PRZOOM - /newswire/ -
Mississauga, Ontario, Canada, 2014/11/13 - One time payment of $500,000 to acquire 10% - Expanding current production by an additional 25,000 tonnes per year to earn and additional 50% of Hallmark [TSX-V Symbol: PMR] - AvantiMac.com.
Prime Meridian Resources Corp. (“Prime” or the “Company”) is pleased to announce that in continuance of the Company’s strategic plan to build a globally integrated proppants company, it has entered into two binding letters of intent to acquire a 55% interest (fully diluted) in Hallmark Mineral (l) Pvt. Ltd. (“Hallmark”).
The first LOI allows Prime to acquire an immediate 10% percent interest (fully diluted 5%) in Hallmark for a one-time payment of CDN $500,000. The second LOI allows Prime to acquire an additional 50% interest in Hallmark by either completing capital expenditures of CDN $7 million or by expanding the production capacity of Hallmark by an additional 25,000 tonnes per year. The transactions are subject to TSX Venture Exchange acceptance.
Hallmark is located outside Pune, India about 200 km from Mumbai. The company has successfully patented, developed, produced and sold ceramic proppants in India. The current plant can produce 10,000 tonnes a year of high-quality, industry standard ceramic proppants including lightweight, intermediate strength and high strength. Hallmark has expansion plans in place to increase current plant capacity by 25,000 tonnes.
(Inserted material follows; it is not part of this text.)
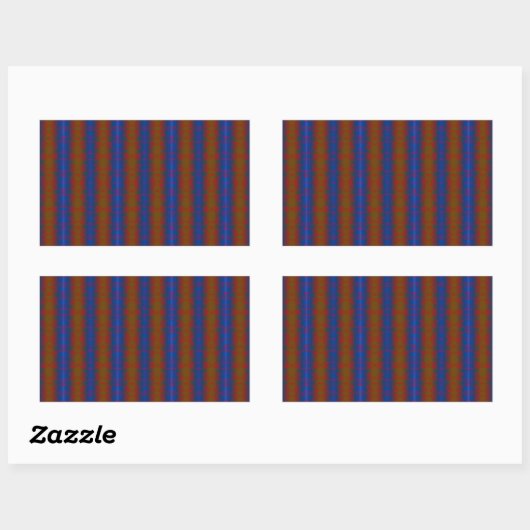 STICKER RECTANGULAIRE 163 (Feuille)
“Through the addition of Hallmark’s current intellectual property, operating plant capacity and experience personnel, this partnership is a major step in building our global proppants Company integrating all the elements in the value chain while taking a regional focus as to which type of proppant best serves the needs of each region.” stated CEO Brian Leeners.
Prime will be increasing the Company’s previously announced non-brokered private placement of up to 4.0 million units at a price of twenty-five cents per unit ($0.25) to up to 20.0 million units to raise proceeds of up to $5,000, 000. Each unit consists of one common share and one common share purchase warrant (the "Unit Warrants") with each Unit Warrant entitling the holder to acquire one additional common share at a price of 50 cents ($0.50) per share for one year from closing. The Unit Warrants are subject to the right of the Company to accelerate the exercise period for the Unit Warrants if the common shares of the Company trade above 60 cents ($0.60) for a period of 10 consecutive trading days. The proceeds of the private placement will be allocated toward general working capital purposes.
The Company may pay finders' fees on the private placement proceeds to certain parties in accordance with the policies of and subject to the approval of the TSX Venture Exchange.
On behalf of the Board of Directors of Prime Meridian Resources Corp. "Brian Leeners" - Brian Leeners, CEO & Director.